Тем самым в биографическую модель самосознания и самопредъявления входит еще одно внутреннее противоречие — между образом и письмом. (Вероятнее, впрочем, что мы имеем здесь дело со специфической культурной транскрипцией, способом фиксации уже разобранного конфликта между целостностью смысла и последовательностью приближения к нему, его изложения.)
Биография — история — письмоПроблемой и предметом здесь становится именно «зазор» между смыслом и его постижением, образцом и рассказом о нем, иначе — персонажем и повествователем, а тем самым — читателем. Каково происхождение и функция этого зияния, или, говоря социологически, барьера?

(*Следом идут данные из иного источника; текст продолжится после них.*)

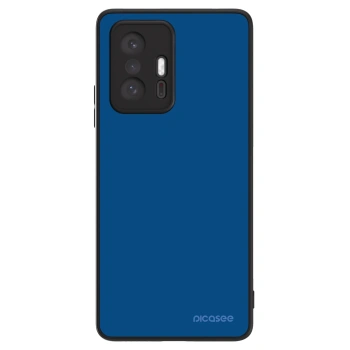 Picasee ULTIMATE CASE für Xiaomi 11T Pro - Navy Blue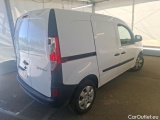  Renault  Kangoo  II Express Extra (Série Spéciale) 1.5 dCi 80CV BVM6 E6dT #3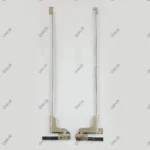 لولا لپ تاپ ایسر Aspire 3000_TravelMate 4100_ZL1-15BKT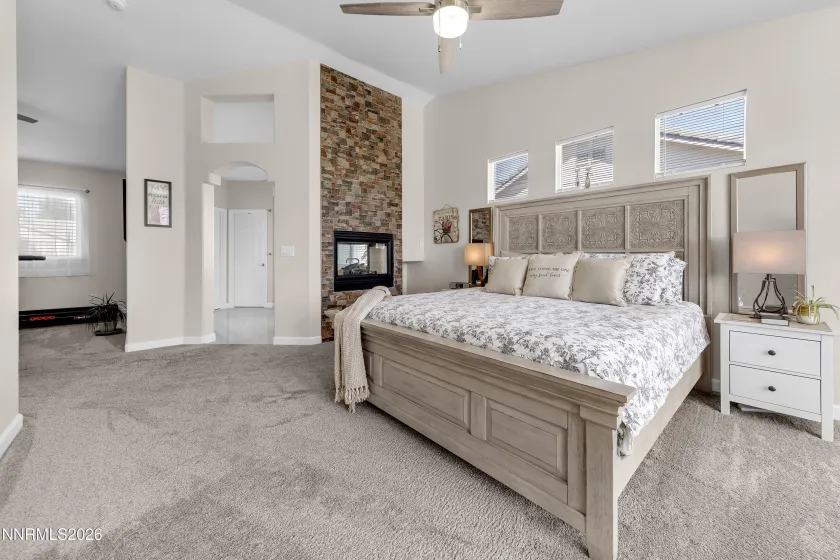 7374 La Costa, Sparks, Nevada 89436, 4 Bedrooms Bedrooms, ,3 BathroomsBathrooms,Residential,Residential,La Costa,260005554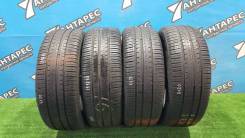 Pirelli Cinturato P6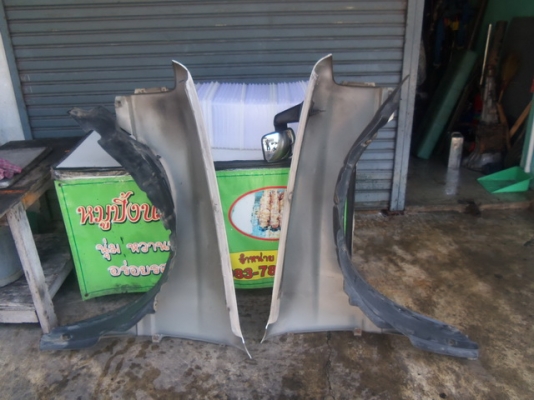 ปิดการขาย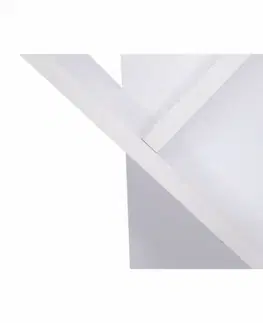 Regál BAKI NEW TYP 1
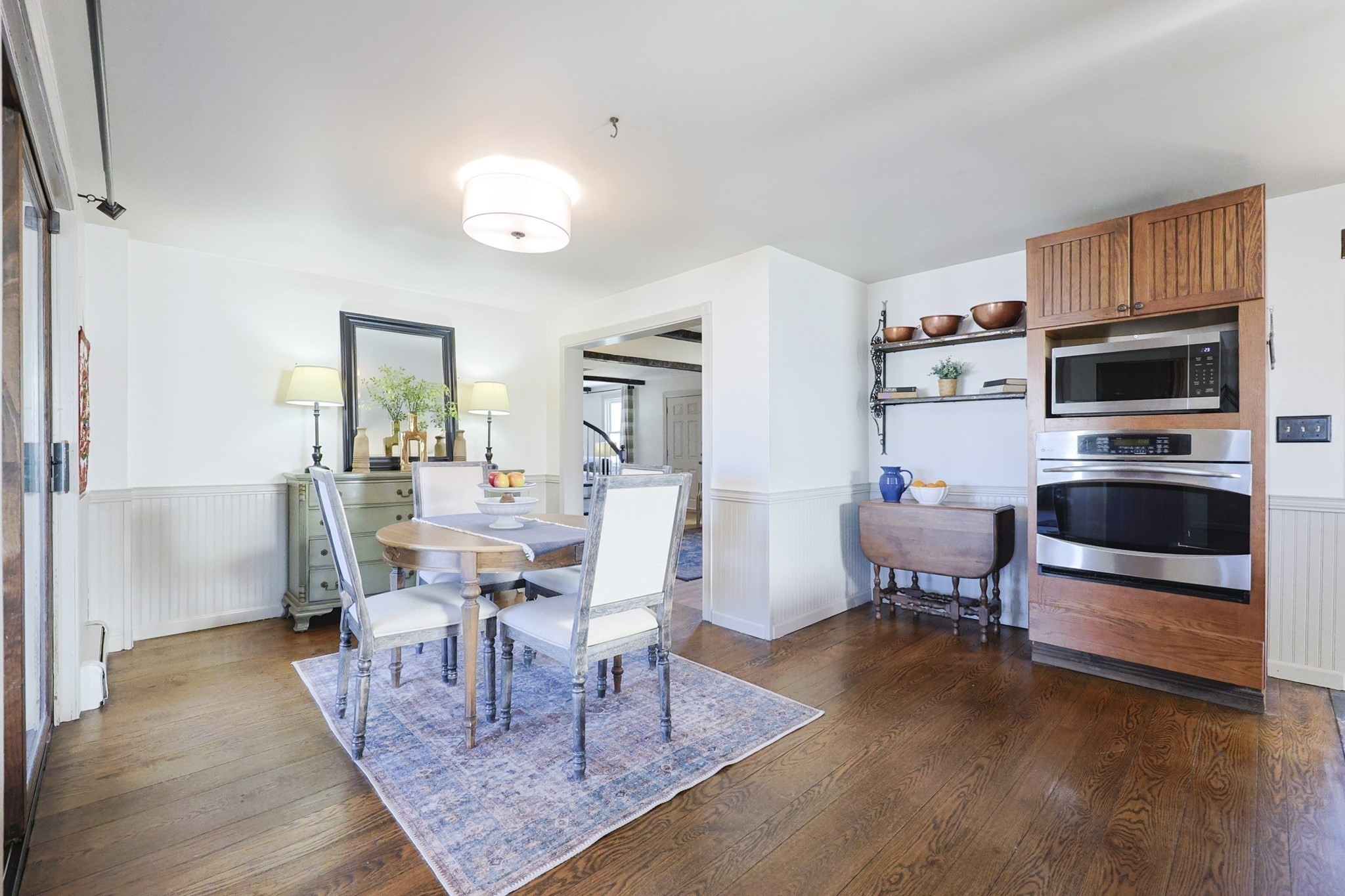 134 Mason St, Rehoboth, MA 02769 - Image 17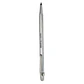 Lapiz Trazadore Carburo de Tungsteno 150mm Bahco 1178-SCRIBE - Miniatura 2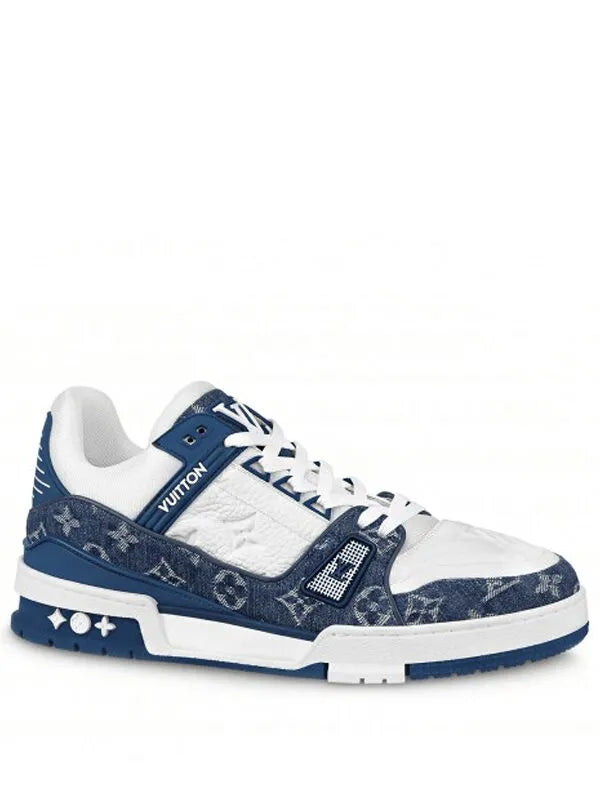 Tênis Casual LV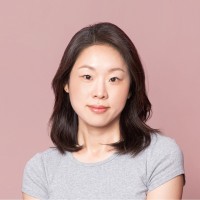 Vivian Jang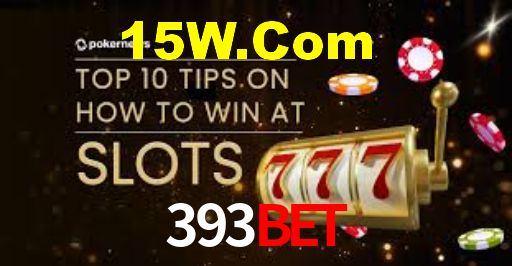 393BET,393BET.Com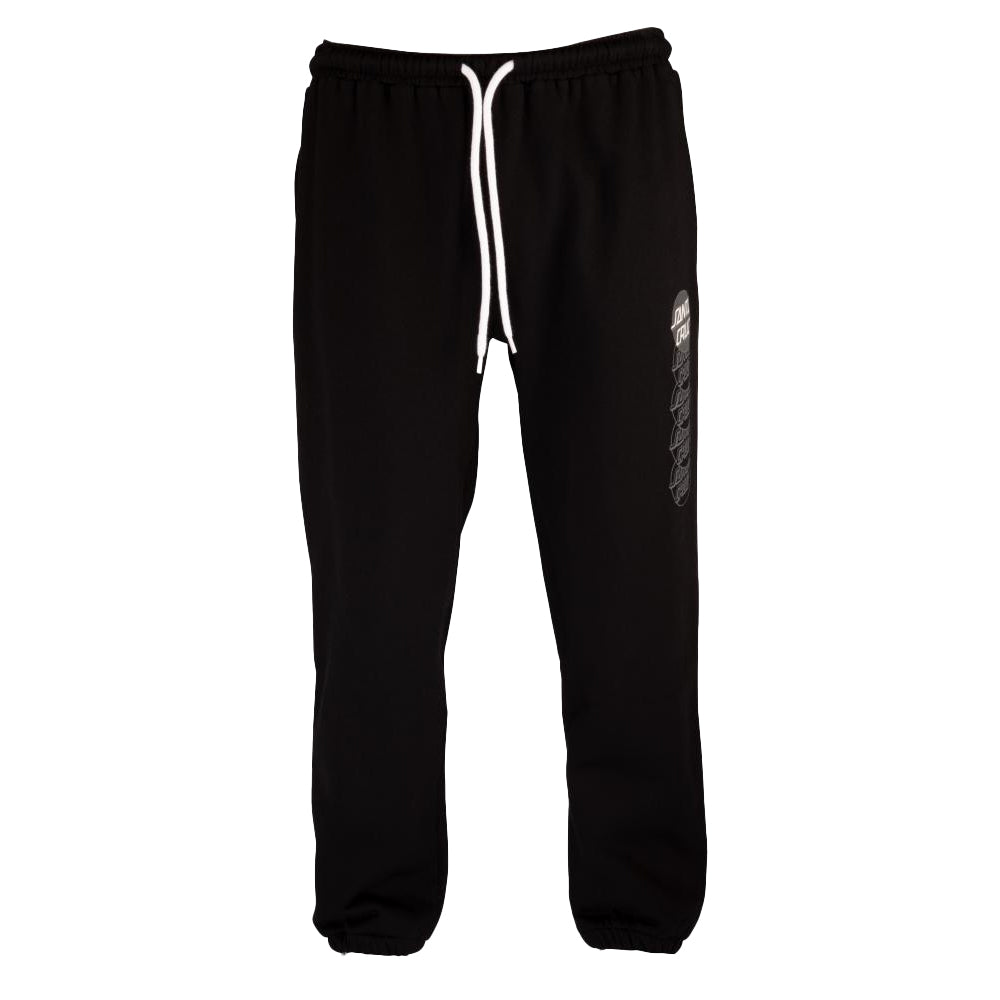 Santa Cruz Descend Dot Joggers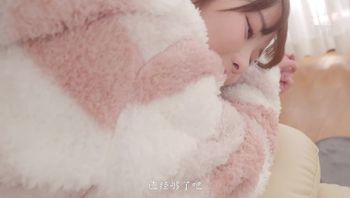 midza 347慵懒肥臀内裤日常忍不住疯狂活塞直接开启中出造人生活小野六花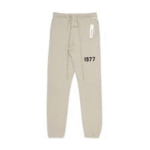 1977 Essentials Sweatpants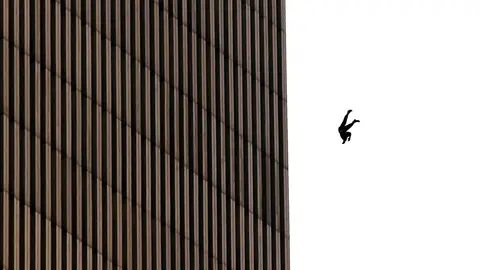 Efemérides del 11 de septiembre de 2022: Atentado en las Torres Gemelas Efemérides del 11 de septiembre de 2022: Atentado en las Torres Gemelas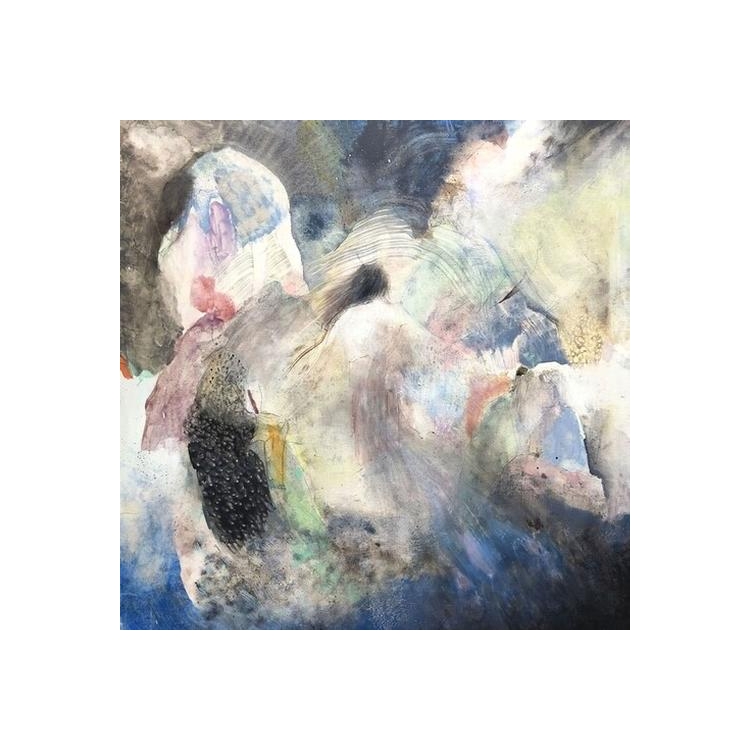 AVITAL ROLNICK - The Space Withini (Lp, Postcard)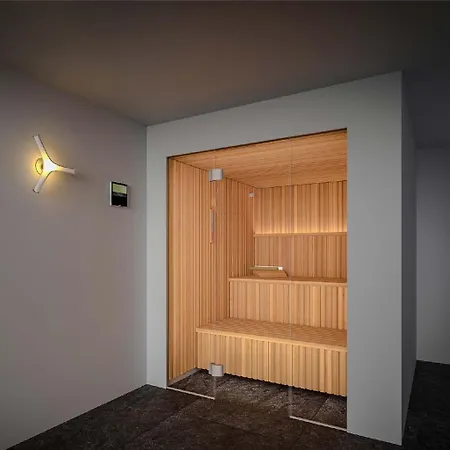 Hotel Maximilian’s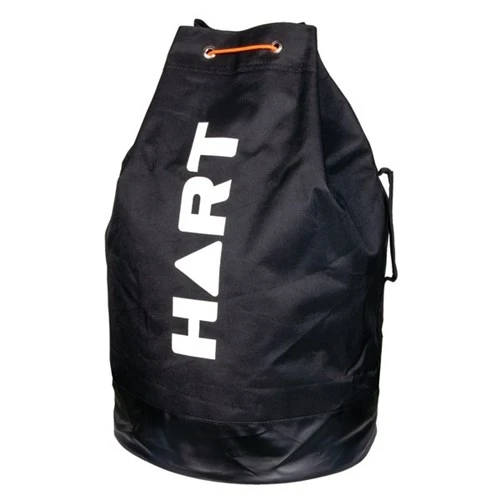 HART Sport HART Jersey Bag / Back Sack 3 HART Sport HART Jersey Bag / Back Sack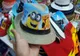  Dosare penale pentru vânzarea de produse contrafăcute  în Mamaia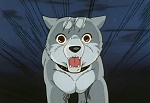 Ginga Nagareboshi Gin picture
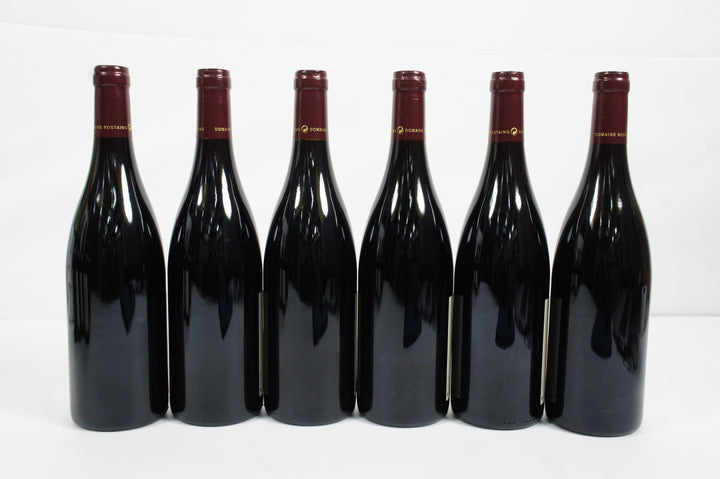 Rene Rostaing Cote Rotie Ampodium 2016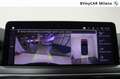 BMW X3 xdrive20d mhev 48V Msport auto Nero - thumbnail 14
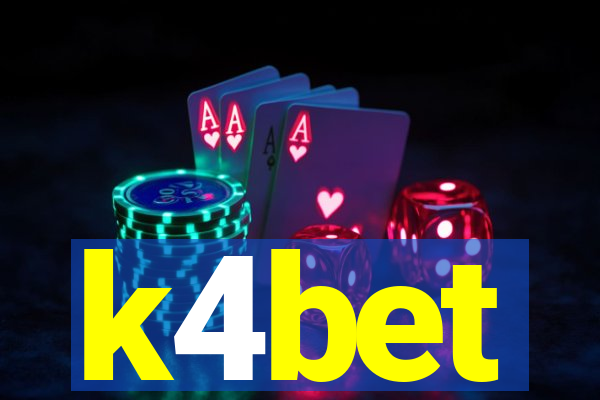 k4bet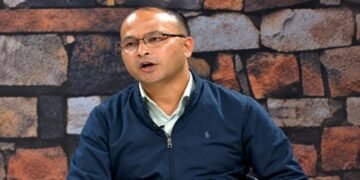 VPP questions delay in State DGP appointment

В нем особыми, культурными, символическими средствами воспроизводится — разыгрывается и условно преодолевается — не только разрыв между социальными статусами героя и рассказчика (то есть персонифицированного явления предельной ценности и анонимного в данном случае представителя коллективной нормы; речь идет, понятно, о Новом времени, эпохе десакрализации и общедоступности письма, по крайней мере — в идеологии). Здесь в универсализированной форме письма каждый раз, в каждом его акте воссоздается травматика цивилизационного перехода от эпохи героического действия в настоящем к эпохе дистанцированного рассказа о прошлом, конфликт между обобщенными ролями действующего и знающего — царя, героя, рыцаря и жреца, певца, писателя. Однако этот конфликт так встроен в структуру действия (микромодель письменной культуры), что перепад уровней между героем, повествователем и читателем — напряжения и конфликты референции — является движущей силой акта письма.